بســـم الله الرحمن الرحيم

 

Her İlim ve Amelin Başlangıcı

 

Her nazarî ilmin ve ihtiyarî amelin başlangıcı / ilkesi, hatıra gelenler ve fikirlerdir. Çünkü bunlar tasavvurları gerektirir. Tasavvurlar da iradelere davet ederler. İradeler ise, fiilin oluşumunu gerektirir.

İşte bu mertebelerin ıslah olması / doğru dürüst yerine gelmesi hatıra gelenlerin ve fikirlerin doğruluğuna bağlıdır.

Öyleyse akla ve hatıra gelen fikirlerin, ilâhını gözetmeleri lâzım, O'na yönelmeleri ve O'nun rızasına ve sevgisine koşmaları lâzım. Çünkü doğruluğun ve ıslahın hepsi Allah'tandır. Hidayetin hepsi O'nun katında bulunur. Her türlü rüşd O'nun muvaffak kılmasıyladır. Kullarından istediklerini koruması, O'nun yönetmesinden, her sapık ve kötü kimselerden de yüz çevirmesi, yine O'nun yönetmesindendir.

Kuşkusuz kul, O'nun (c.c.) nimetlerini, O'nun tevhidini, O'nu bilme yollarını, kulluk yollarını, O'na hidayeti indirmesini, O'na indirdiği nimetiyle kulun murad ettiği ve aklına getirdiklerine Allah'ın vakıf olduğunu düşündüğü oranda rüşd, hidayet ve her türlü hayra erişir.

Bu aşamada Rabbinden haya eder. Kendisi gibi bir mahlûkun, kendisinin gizli bir yerine / avretine vakıf olmasını çirkin gördüğü ya da nefsinde kendisini kötü edecek bir şeyine vakıf olmasını çirkin gördüğü bu hususta, Allah'ın kendisinin gizli yerlerine vakıf olmasından dolayı utanıverir.
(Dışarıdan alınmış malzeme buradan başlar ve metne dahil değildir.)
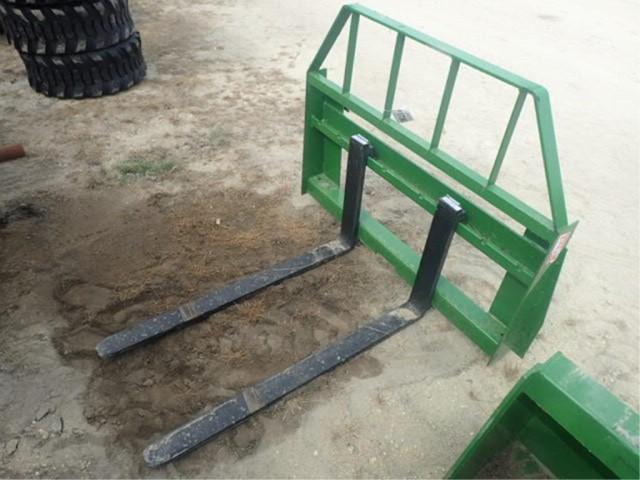 Kivel 42" 2000 lb. Pallet Fork J.D. Quick-Attach*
İşte Rabbi, o kulunu bu menzile duçar edince kulu yükseltir ve kendisine yakınlaştırır. Ona dost, olur. Bunun ölçüsü kadar da pisliklerden, bayağılıklardan hatıra gelen adî düşüncelerden ve basit fikirlerden uzak olur. Tıpkı kendisi her defasında Allah'tan uzaklaşınca ve O'ndan yüz çevirince, pisliklere, bayağılıklara, kötü artıklara yakınlaşacağı ve bütün kemalattan kesileceği ve bütün kusurlara duçar olacağı gibi.
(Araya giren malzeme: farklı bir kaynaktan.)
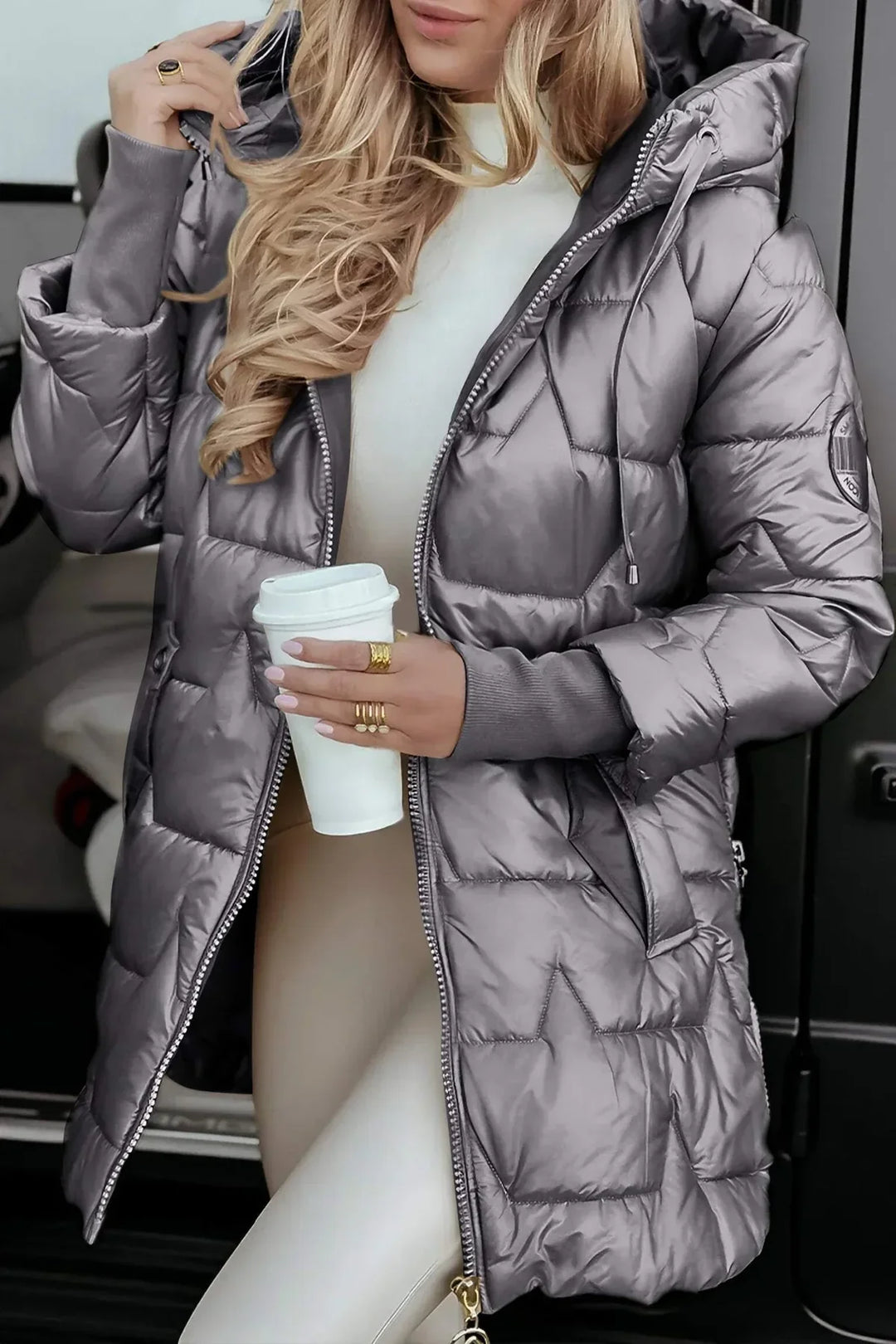 Elisiana | Stylish Winter Coat with Hood and Padding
Öyleyse insan, yaratıcısına yaklaşınca, O'nun emir ve yasaklarında durursa, O'nun rızası için amel ederse ve arzularını bu istikamette takip ettirirse, mahlûkatın en hayırlısı olur.

O'ndan uzak olunca, O'na yakın olmaya, O'na itaat etmeye ve O'nun rızasını kazanmaya dair kalbi eğer hareket etmezse, mahlûkatın en şerlisi olur.

Dolayısıyla Allah'a yakınlaşmayı ne zaman ki seçecek, nefsiyle bu yönü izleyecek ve hevasını da bu istikamette ayarlayacak olursa, o takdirde kalbini, aklını ve imanını, nefsi ve şeytanına karşı sağlamlaştırmış olur. Aynı zamanda doğru yolu üzerinde bulunuşunu da eğri yola karşı sağlamlaştırmış, hidayetini de hevasına karşı sağlam kılmış olur.

Şayet Allah'tan uzaklaşırsa, o zaman nefsini, hevasını ve şeytanını, aklına, kalbine ve rüşdüne karşı sağlamlaştırmış olur.